In July, he gave cryptic endorsement to suggestions from Russian air force officials in the newspaper Izvestia that strategic bombers could be deployed to Cuba. Soon afterwards, he went beyond the Cuban government's official line to give his unequivocal support to Moscow over the Georgia conflict.

China may not take part in the anti-American nose-thumbing that Castro enjoys. It even refused to develop a free-trade zone on the north side of the island for fear that it would antagonize the United States. But the numbers count. As well as being one of Cuba's leading creditors, Beijing is already Cuba's second largest trading partner, narrowly behind Venezuela and a more reliable long-term bet than Hugo Chávez's petro-solidarity.

Russia barely makes the top 10. The last Russian president to visit the island, Vladimir Putin, closed down Moscow's military intelligence-gathering facility at Lourdes in 2002. With it went the $200 million annual lease.

Hu was quick to drop in on the former Soviet base during his previous visit, where a more innocuous-sounding "University of Information Sciences" was established with Chinese equipment. Modern Chinese buses now compete for space on Havana's streets with 1950s Cadillacs.

But on the question of Cuba following a "China model," there is a fraternal split. In his early days in power, Fidel Castro was thought to have the greater affinity for Beijing of the Castro brothers. Both used to arrive unannounced at the Chinese Embassy to demand food from the chefs and to remain there, talking long into the night.

The break with China in favor of a more powerful and generous Soviet benefactor appeared a pragmatic rather than an ideological choice. Even after denouncing Mao Zedong as a "senile idiot," Castro's "revolutionary offensive" continued to draw its inspiration from Mao's Cultural Revolution.
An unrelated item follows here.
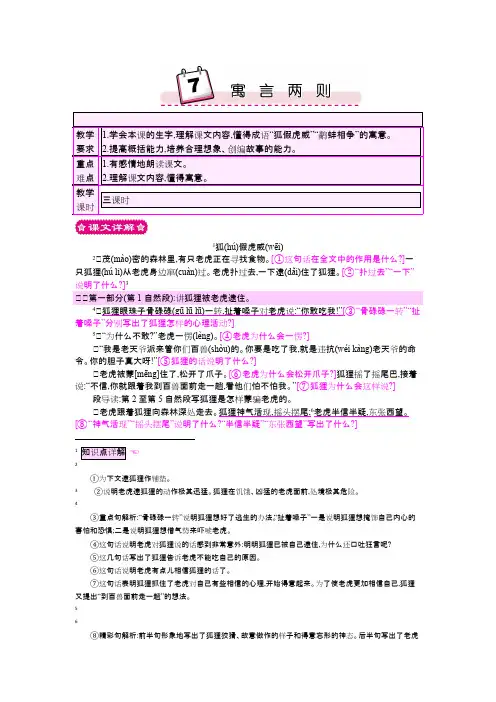 最新S版三年级语文上册 7 寓言两则 优质教案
Relations were patched up following a visit by a senior Chinese official, Qian Qichen, at the peak of the Tiananmen crisis and Cuba's desperate need for support after the collapse of the Soviet Union.
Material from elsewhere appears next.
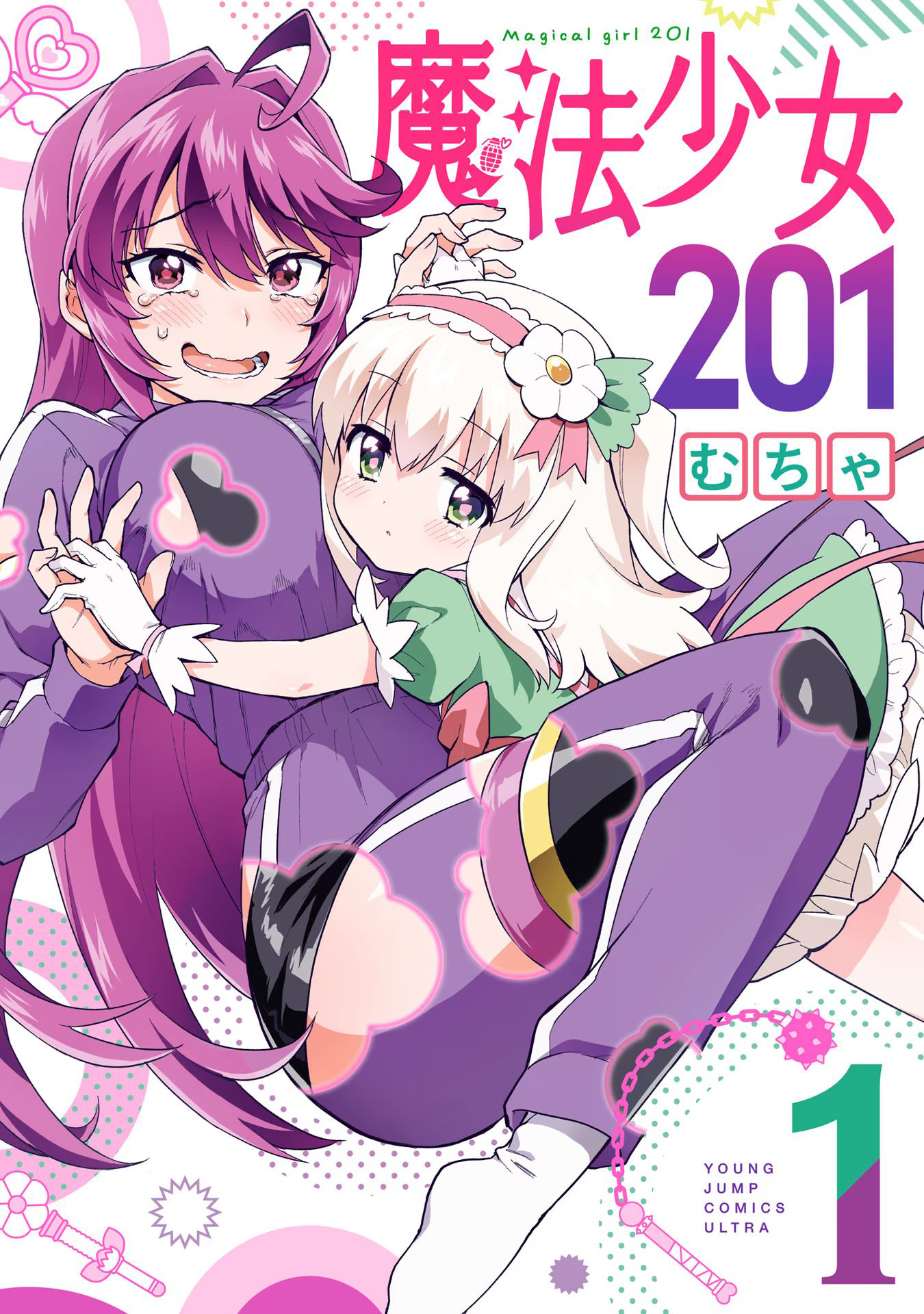 Magical Girl 201 Chapter 9.6 - Page 1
But Fidel Castro never reconciled himself with Deng's reforms (he once called Deng a "caricature of Hitler"). Castro seemed uninterested by his visits to the showcase cities of Shenzhen, Guangzhou and Shanghai. There are stories that on a trip to Cuba in 1993, Communist party chief Jiang Zemin stayed up late into the night at his hotel preparing more convincing accounts of the "socialist nature" of China's reforms for the skeptical Cuban president.

The big hope for the Chinese was Raúl Castro. His lengthy tours of China featured a string of meetings to discuss lessons for Cuba from the Chinese experience. He invited a key aide to the former Chinese premier, Zhu Rongji, to lecture Cuban officials on China's economic reforms. And it was under Raúl's supervision that liberalizing experiments were undertaken in Cuban military enterprises.
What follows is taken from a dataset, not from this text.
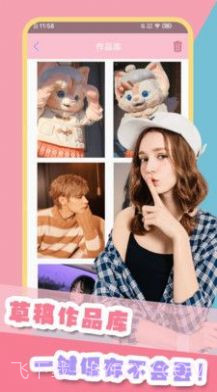 美萌照相机截图3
So when Fidel stepped down, speculation was rife that a more pragmatic, Chinese-style economic opening was on its way. But reforms have been modest: a little loosening of agricultural markets; some greater freedom to purchase electronic equipment; the abolition of restrictions on Cubans entering international hotels.

There is speculation that the slow pace of change has been due to Raúl's reluctance to weaken his own political base - the military holding companies that dominate the economy. But much of the evidence points to Fidel's shadow.

Either way, external conditions are sharpening the choices. The financial crisis has given Cuba little room for anti-capitalist schadenfreude. Demand has weakened for nickel, Cuba's key export. Its leading benefactor, Venezuela, is taking a hit with plummeting oil prices. Other hoped-for anti-American allies, such as Iran and Russia, have emptier pockets too. Credit for Cuba is drying up and debt payments are being rescheduled. All this has come on top of the worst hurricane season in decades, which wiped over 10 percent off Cuba's GDP.

In Barack Obama, the Castros face an American president whom they will have a hard time blaming for Cuba's woes. It may come hard for Fidel, but he may finally have to face the fact that Chinese medicine is the most palatable option for communist regimes that want to extend their lease on life.